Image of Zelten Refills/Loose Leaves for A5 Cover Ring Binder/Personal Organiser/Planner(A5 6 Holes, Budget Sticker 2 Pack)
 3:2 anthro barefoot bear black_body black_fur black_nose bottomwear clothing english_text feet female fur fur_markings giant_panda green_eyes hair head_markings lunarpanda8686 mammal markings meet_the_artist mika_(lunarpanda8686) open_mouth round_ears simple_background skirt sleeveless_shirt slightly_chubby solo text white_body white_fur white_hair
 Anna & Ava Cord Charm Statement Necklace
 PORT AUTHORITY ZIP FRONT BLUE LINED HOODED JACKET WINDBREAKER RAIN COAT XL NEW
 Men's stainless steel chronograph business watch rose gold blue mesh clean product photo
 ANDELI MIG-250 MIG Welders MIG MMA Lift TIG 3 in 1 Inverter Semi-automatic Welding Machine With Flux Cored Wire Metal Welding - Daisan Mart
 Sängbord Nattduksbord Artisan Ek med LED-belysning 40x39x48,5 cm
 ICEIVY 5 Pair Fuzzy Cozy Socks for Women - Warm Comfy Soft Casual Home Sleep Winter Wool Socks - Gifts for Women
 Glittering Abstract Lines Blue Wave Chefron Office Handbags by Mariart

────────────────────────────────────────

TASK ITEM:
Would you output all the records above exactly as written?

RESPONSE AREA:
Image of Zelten Refills/Loose Leaves for A5 Cover Ring Binder/Personal Organiser/Planner(A5 6 Holes, Budget Sticker 2 Pack)
 3:2 anthro barefoot bear black_body black_fur black_nose bottomwear clothing english_text feet female fur fur_markings giant_panda green_eyes hair head_markings lunarpanda8686 mammal markings meet_the_artist mika_(lunarpanda8686) open_mouth round_ears simple_background skirt sleeveless_shirt slightly_chubby solo text white_body white_fur white_hair
 Anna & Ava Cord Charm Statement Necklace
 PORT AUTHORITY ZIP FRONT BLUE LINED HOODED JACKET WINDBREAKER RAIN COAT XL NEW
 Men's stainless steel chronograph business watch rose gold blue mesh clean product photo
 ANDELI MIG-250 MIG Welders MIG MMA Lift TIG 3 in 1 Inverter Semi-automatic Welding Machine With Flux Cored Wire Metal Welding - Daisan Mart
 Sängbord Nattduksbord Artisan Ek med LED-belysning 40x39x48,5 cm
 ICEIVY 5 Pair Fuzzy Cozy Socks for Women - Warm Comfy Soft Casual Home Sleep Winter Wool Socks - Gifts for Women
 Glittering Abstract Lines Blue Wave Chefron Office Handbags by Mariart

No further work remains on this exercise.